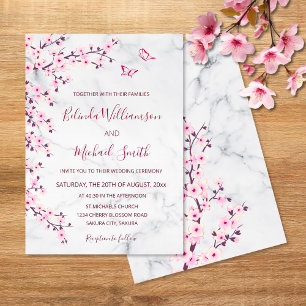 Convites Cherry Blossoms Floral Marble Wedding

◆ ◆ ◆

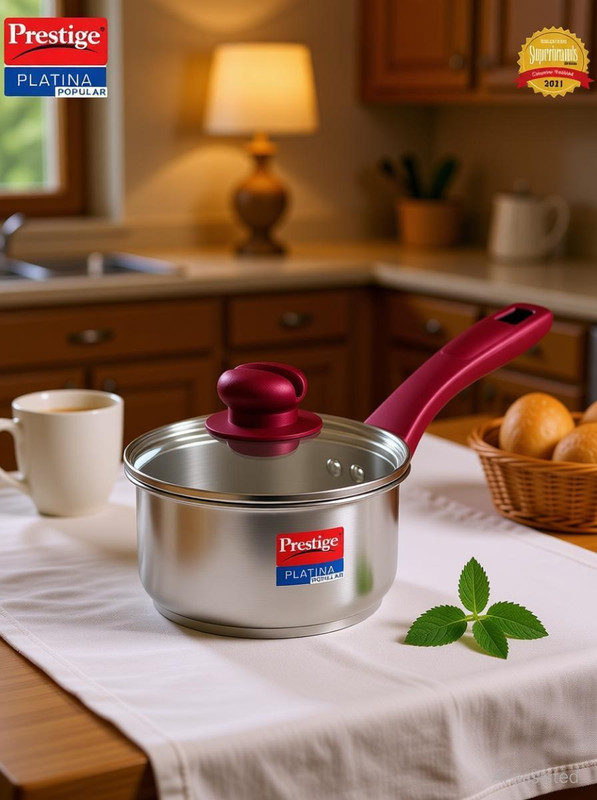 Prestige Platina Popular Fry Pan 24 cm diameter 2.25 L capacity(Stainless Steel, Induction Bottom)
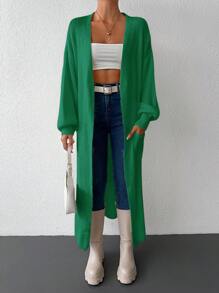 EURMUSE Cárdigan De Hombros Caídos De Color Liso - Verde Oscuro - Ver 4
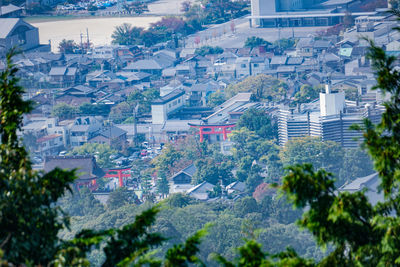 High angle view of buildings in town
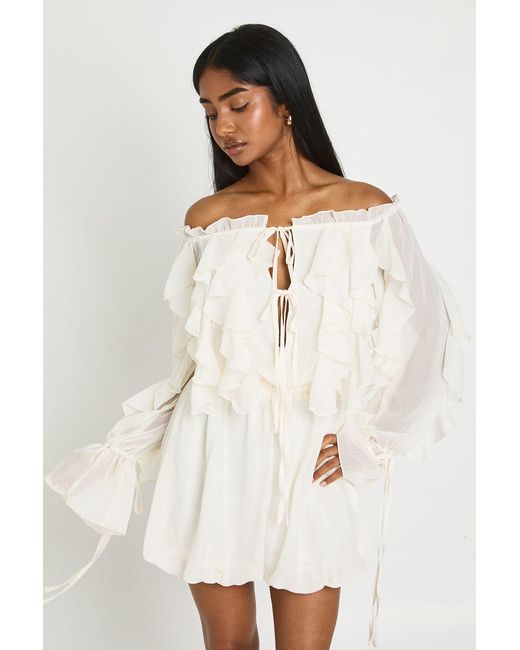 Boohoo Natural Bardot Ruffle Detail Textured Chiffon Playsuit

◆ ◆ ◆

When you reach the line with "EURMUSE Cárdigan De" in the records above, start writing out each line exactly, and stop after the line with "Boohoo Natural Bardot". Pictures stay out.

Written answer:
 EURMUSE Cárdigan De Hombros Caídos De Color Liso - Verde Oscuro - Ver 4
 High angle view of buildings in town
 Boohoo Natural Bardot Ruffle Detail Textured Chiffon Playsuit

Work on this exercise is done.